A White German-American Man is teaching African American Art and Culture, and I'm mad about it.

Okay, so I know what this sounds like, and no I don't just have a problem with him teaching the class because he's white; Its because there is not a SINGLE WHITE FACE in that class. And I didn't complain to anyone besides my friends, the one classmate that approached me after class, and now, all of you so no harm.

The class is an African-American Art and culture course so it only makes sense that it should be taught by an African-American professor. However, when I saw my teacher I retained hope, maybe he's woke because you have to be to teach African-American Art and culture; it is impossible to separate the political issues surrounding a black person from their art. Many black people, like myself, build their entire identity around black history.  My teacher has even admitted that art and culture are inseparable and African American culture is different from anything else because of the circumstances under which that culture was developed. Which is why there are many different depictions of injustices all throughout African-American art. Almost all of the issues surrounding African-American people currently stems from slavery and from institutionalized slavery being present in our justice system and throughout the government.

The problem with my teacher is that he is timid and too in touch with his white guilt. White guilt is good to a certain degree, but too much of it can make a person afraid to speak bluntly about what happened. Most black college students know how awful life was and still is for the average African-America person and we talk freely about it because that is the only way we can learn our history: research and word of mouth. In college, the courses need to be raw, but believe it or not: my high school ethnic studies class was rawer than this one. 

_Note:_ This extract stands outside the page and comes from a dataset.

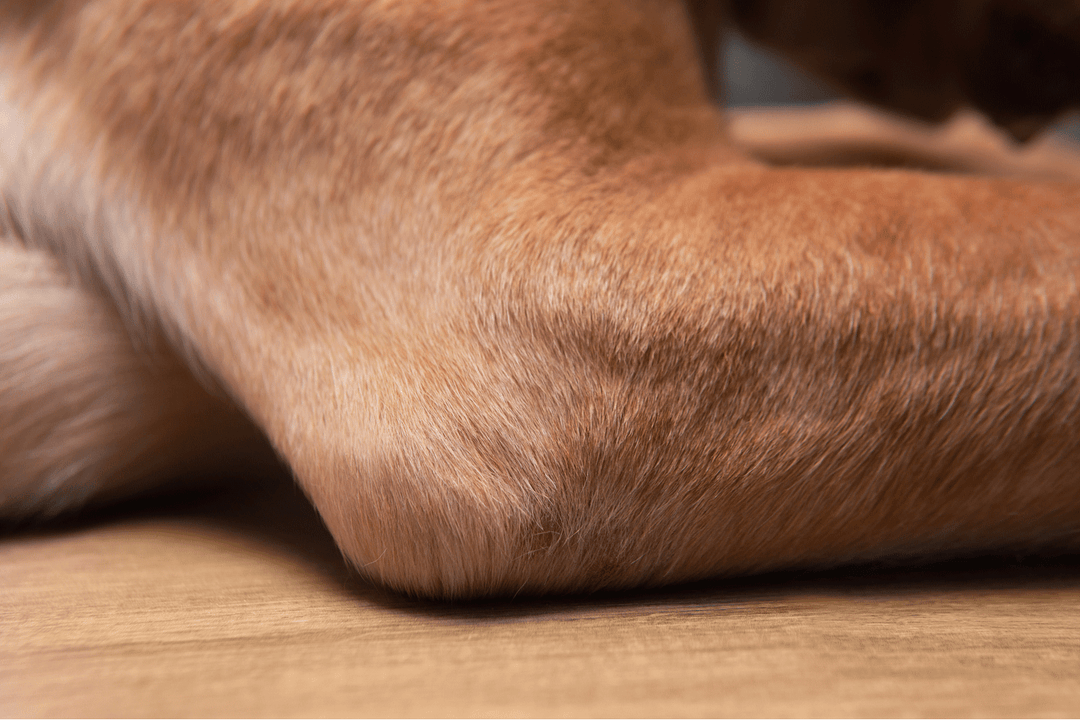 Arthrose beim Hund: Gelenkverschleiß erkennen und behandeln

One thing that has been ever present in our education system is the miseducation of the African- American. Black kids are not properly told their history, so they have to go out and learn it. What they do teach you in school starts and ends with slavery and the civil rights movement. And even that is still the very diluted version. A lot of African American Art is etched with sadness and emotion; almost all of the pieces we view in class are about the past, the pain and the ridicule black people endured. In order to effectively talk about these things you can not be scared or timid, especially not in a class full of black students, and you have to know what you're talking about, because it is likely, that we already know the event the art is referring to.

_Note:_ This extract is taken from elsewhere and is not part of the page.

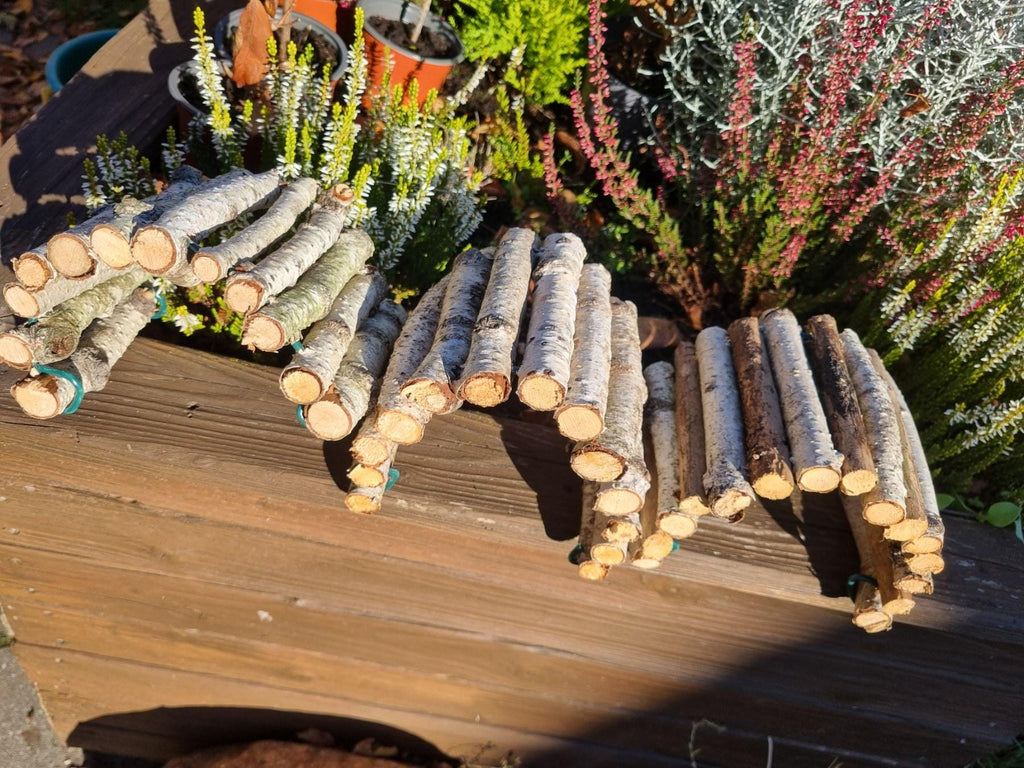 Natural Bendy Birch Wood Ladder/Tunnel – Safe Chew Toy for Hamsters, Mice, Birds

I'm not sure if it is white teachers or just the way the education system works, but even in this college-level class, he tried to whitewash it. Whitewashing is when you make history less terrible for white people or change the most important people involved into white people. We were looking at several paintings and instead of addressing the painting's subject directly, he pointed out the artist and mention small things about the painting. Example, while looking at a picture of Trayvon Martin and his father the professor only said the piece was a father and son. But it was clearly Trayvon Martin and his father, which is significant because Trayvon Martin became a martyr of the black lives matter movement along with many other unfortunate souls who were victims of injustice. He did not address why Trayvon Martin is important. Then he showed a picture of Ruby Bridges, who was the first child to desegregate schools Brown v. Board of Education. Ruby Bridges was protested her entire year of school by racist white bystanders who would scream obscenities at her, throw tomatoes and other things. Something that a six-year-old should never have to deal with. Instead of mentioning these things, he stated that the tomato the artist painted was to symbolize bloodshed during the civil rights movement. Which could be possible ---but was really the safe thing to say. When you know the events that actually happened you know that it was deeper than that. Those protestors were relentless in their torture of Ruby Bridges. They did anything they could discourage her from going to that all-white school. To me, it seemed that because of his whiteness he wasn't comfortable covering the subject in depth, the way that black students would expect.

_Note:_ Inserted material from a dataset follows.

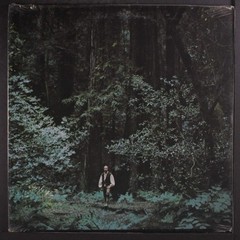 PAUL WINTER & THE WINTER CONSORT, something in the wind LP, Vinyl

Even so, if you're woke, and you should be if you're teaching this class, you should know the importance of having black teachers teach classes like this and what that could mean not only for them but also for their students. However, I am aware that this is a perspective course, and these kinds of courses tend to be throwaway courses that the University hands to any willing professor. Our professor could have been the only person willing to accept the job, but if so, my school needs to do better with diversity amongst their professors. They should be treating every course like it matters, because I was very excited for the course until I realized that it was going to be whitewashed.